There have been lots of racing pictures over the years and no one has been able to crack the genre. Ron Howard’s aggressively told history of the 1970’s Nikki Lauda/James Hunt rivalry is arguably the most accessible. Though it’s a robust sports genre film told with maximum 70’s razzle-dazzle, it fails to find the humanness in its two characters beyond the surface of their ying/yang personalities to elevate it to the top of Howard's esteemed filmography.
Rush (2013) dir. Ron Howard
Starring: Chris Hemsworth, Daniel Bruehl, Alexandra Maria Lara, Olivia Wilde
By Alan Bacchus
Ron Howard has always been one of those invisible directors, adaptable to all genres, without a distinct visual style, and yet able to consistently to make well-produced and successful mass-market films. Conservative in subject matter, also form and technique, he exemplifies the old days of adaptable studio directors such as Howard Hawks and Victor Fleming.
And yet, after all these years we find an older Ron Howard making a film outside the studio system in Britain without the studio safety net. Rush is the most independent film he’s made in years. There’s also a sense of a frugality with this production, a conscious attempt to be creative with composition and editing to make its $38million budget look like $100million. This is probably the lowest budgeted film he’s made in years and yet the most ambitious narratively and technically, a creative challenge which Howard admirably succeeds in confronting. There’s a spark of energy and verve in this picture we’ve never really seen by Howard, ever.

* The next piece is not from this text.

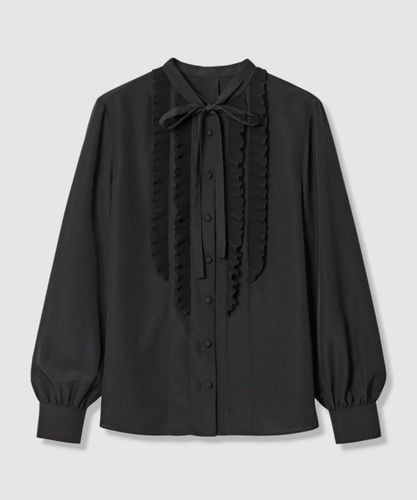 シアースラブラッフル ブラウス〈セットアップ対応商品〉|ANAYI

Howard and his writer Peter Morgan ambitiously chart the ten year rivalry of James Hunt and Niki Lauda, a British Playboy F1 racer and his prickily Austrian counterpart who moved in and out of each other’s lives fueling some of the most dramatic moments in the sport.
Starting in 1970 we see the pair riding the F3 circuit. Their personality differences are already front and centre. If anything Hunt’s playboy lifestyle is hit hard on the nose. His cool swath of blonde locks and statuesque physique are imposing enough. But we also see Hunt banging nurses waitresses, racing groupies all over the place. Laude is characterized as the opposite, also in extremis. A tightly-wound gearhead who pushes his crew to work over the tiniest details of his car designed to maximize speed. As played by Daniel Bruehl, he’s a dope with the ladies, cold, robotic and obsessed with statistics. Laude is opened up early on in one of the film’s best scenes when he courts his future wife (Lara) by hitchhiking in rural Italy and impressing her with his mad driving skills. A coy courtship scene enhanced by the humourous Italian racing superfans giggling in the back. This is the skill of Ron Howard the studio director, conscious to layer his key emotional beats with humour and action.
The story settles in on 1976, the monumentous year which finds both drivers at the height of their careers and battling for the title race by race. A number of impossibly dramatic events occur throughout the year too almost dramatic to be true, leading up to a finale/climax told with all the rousing bombast of the best sports films.
Where the film stumbles is the ‘speed’ with which the film races along. We’ve never seen a Ron Howard film move along with such pace, and unfortunately by hopscotching through races, events, girlfriends over the years we’re never in a scene long enough to attach ourselves emotionally to these guys. Hunt and Laude are characterized by type for most of the film until the 1976 race year when we finally find the humanity beneath their characters. The film also stumbles after the dramatic final race by dropping in a Boogie Nights-esque party montage when the film should have freeze-framed and faded to black. Very strange.
Howard’s technical acumen with the language of cinema has not missed a step. Even with less money at his disposal his creativity in recreating the period racing sequences is marvelous. Unlike the technical realism of, say, John Frankenheimer’s massive production of Grand Prix, wherein he strapped 70mm cameras to race cars during a real F1 race, Howard’s clever use of expressionistic camera angles and deft special effects puts us into the time and place. We see Howard working for the first time with digital dynamo DP Anthony Dod Mantle. His nimble work with Danny Boyle and Lars von Trier shines through and aids in the film’s aggressive pacing.
Thus Rush works on a number levels of cinema, its sharp adaptation of the sports movie model into the difficult racing milieu, but also the new modus operandi for studio veteran Ron Howard to find new inspiration with less resources in the independent world.